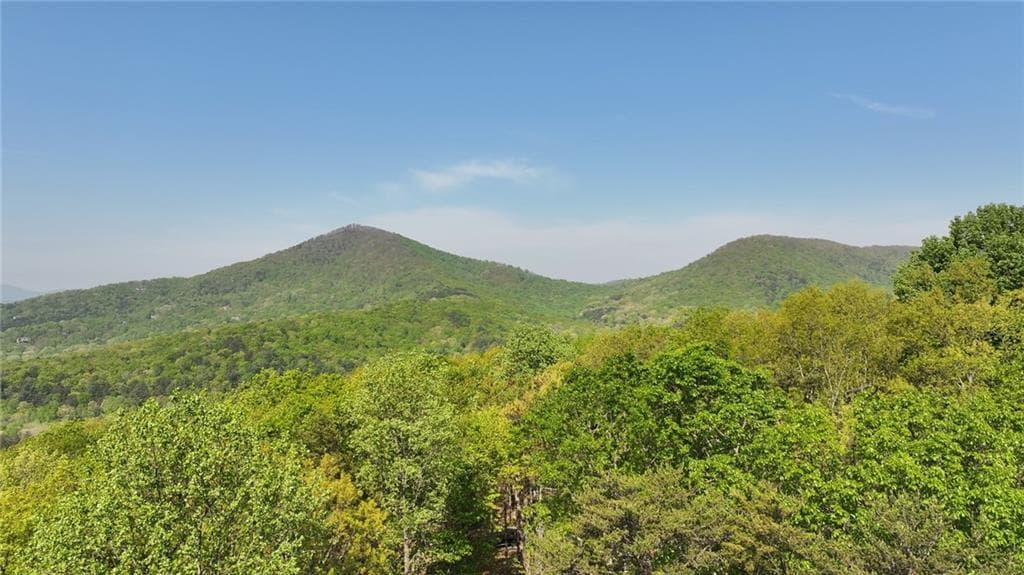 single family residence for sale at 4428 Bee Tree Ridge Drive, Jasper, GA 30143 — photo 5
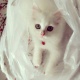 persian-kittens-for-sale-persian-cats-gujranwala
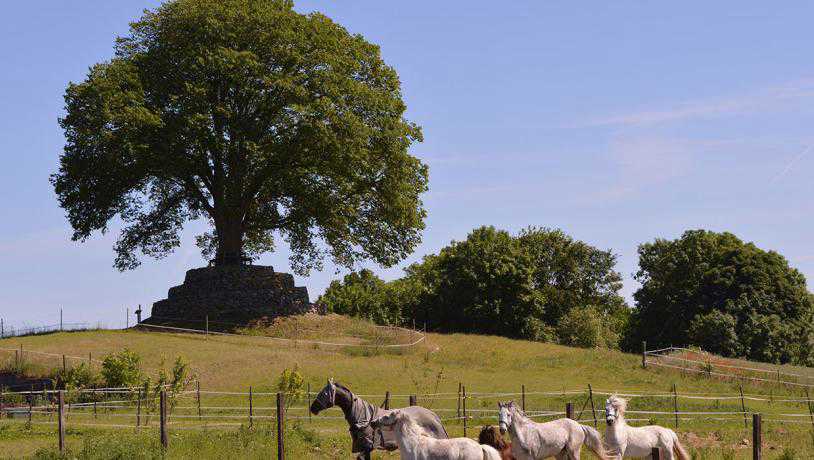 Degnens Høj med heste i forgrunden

___

#### WORK TO BE COMPLETED
Leaving the pictures aside, transcribe only the lines from the one containing "persian-kittens-for-sale-persian-cats-gujranwala" to the final line of the listing above, inclusive, exactly as they appear.

#### ANSWER
 persian-kittens-for-sale-persian-cats-gujranwala
 Degnens Høj med heste i forgrunden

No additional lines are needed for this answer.